7. A takraw ball as claimed in claim 5 or claim 6, wherein the ball has a
weight of between 100 and 250 gm., a circumference of between 380 and 460
cm. and a first rebound of between 100 and 150 cm. when dropped in free
fall from a height of 330 cm.
8. A takraw ball as claimed in claim 5 or claim 6, wherein the softer
material includes rubber, elastomer, thermoplastics elastomer,
polyurethane or silicon rubber.
9. A takraw ball as claimed in claim 5 or claim 6, wherein the springier
material includes spring metal, nylon fibre, glass fibre, carbon fibre,
engineering plastics or a polyolefin blend.
10. A takraw ball as claimed in claim 1, wherein the softer component part
is discontinuous, being limited to only those areas of the composite strip
which, when woven, will constitute the exposed outer surface of the ball.
11. A takraw ball as claimed in claim 10, wherein the softer component part
is a layer and the springier part is a backing for the layer.

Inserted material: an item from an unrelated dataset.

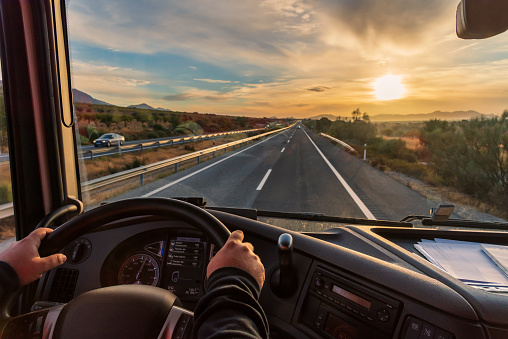 View from the driver's seat of a truck of the highway and a landscape of fields at dawn.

12. A takraw ball as claimed in claim 11, wherein the softer layer is
moulded to the springier backing.
13. A takraw ball as claimed in claim 12, wherein the springier backing is
mechanically keyed to the softer layer.
14. A takraw ball as claimed in claim 12 or claim 13, wherein the ball has
a weight of between 100 and 250 gm., a circumference of between 380 and
460 cm. and a first rebound of between 100 and 150 cm. when dropped in
free fall from a height of 330 cm.
15. A takraw ball as claimed in claim 12 or claim 13, wherein the softer
material includes rubber, elastomer, thermoplastics elastomer,
polyurethane or silicon rubber.
16. A takraw ball as claimed in claim 12 or claim 13, wherein the springier
material includes spring metal, nylon fibre, glass fibre, carbon fibre,
engineering plastics or a polyolefin blend.
17. A takraw ball as claimed in claim 1, wherein the softer component part
is a body of softer material and the springier component part comprises
one or more cores of springier material embedded in the softer body.
18. A takraw ball as claimed in claim 17, wherein the softer body is
moulded about the or all the springier cores.
19. A takraw ball as claimed in claim 18, wherein the softer body material
and the springier core material are compatible such that they will bond to
one another as the result of the moulding process.
20. A takraw ball as claimed in claim 17, wherein the or each springier
core is mechanically retained by the softer body.
21. A takraw ball as claimed in any of claims 18, 19 or 20, wherein the
ball has a weight of between 100 and 250 gm., a circumference of between
380 and 460 cm. and a first rebound of between 100 and 150 cm. when
dropped in free fall from a height of 330 cm.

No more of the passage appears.